[Task to complete] Nothing but the pictures is dropped; write out all the remaining data below exactly.

[Collected data]
%%
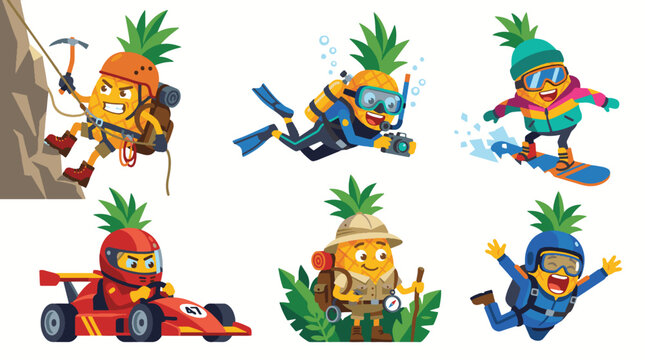 Pineapple characters engaged in various extreme sports and adventures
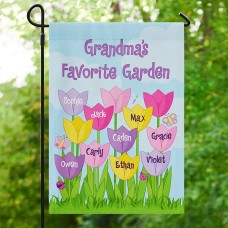 Bandera de jardín de tulipanes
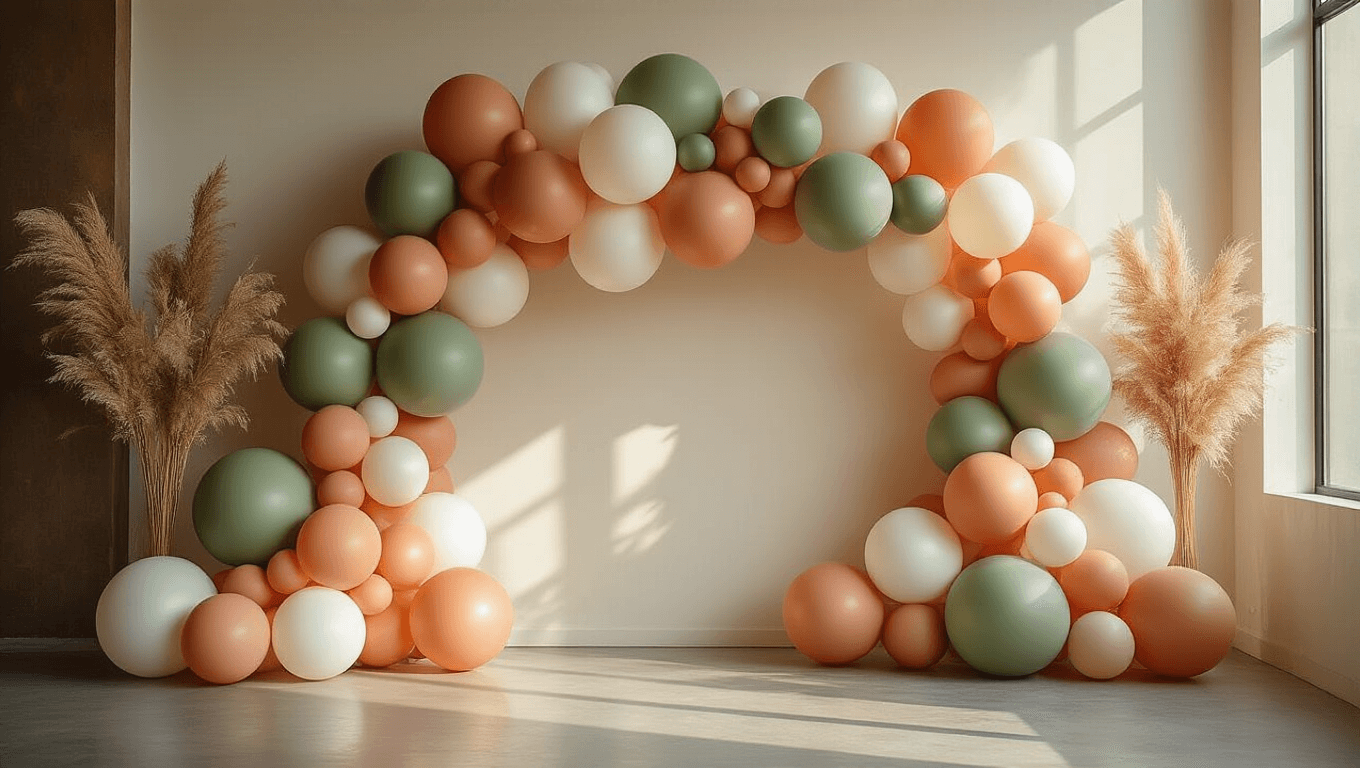 Elegant balloon garland installation in sage green, soft terracotta, and ivory, featuring various balloon sizes and professional clustering techniques, set against a modern event space with warm golden hour lighting and scattered wildflowers.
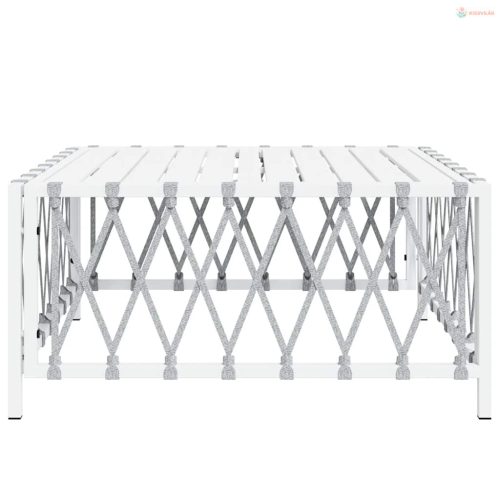 Fehér szőtt szövet kerti asztal 70 x 70 x 34 cm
%%
[Exercise output]
 Pineapple characters engaged in various extreme sports and adventures
 Bandera de jardín de tulipanes
 Elegant balloon garland installation in sage green, soft terracotta, and ivory, featuring various balloon sizes and professional clustering techniques, set against a modern event space with warm golden hour lighting and scattered wildflowers.
 Fehér szőtt szövet kerti asztal 70 x 70 x 34 cm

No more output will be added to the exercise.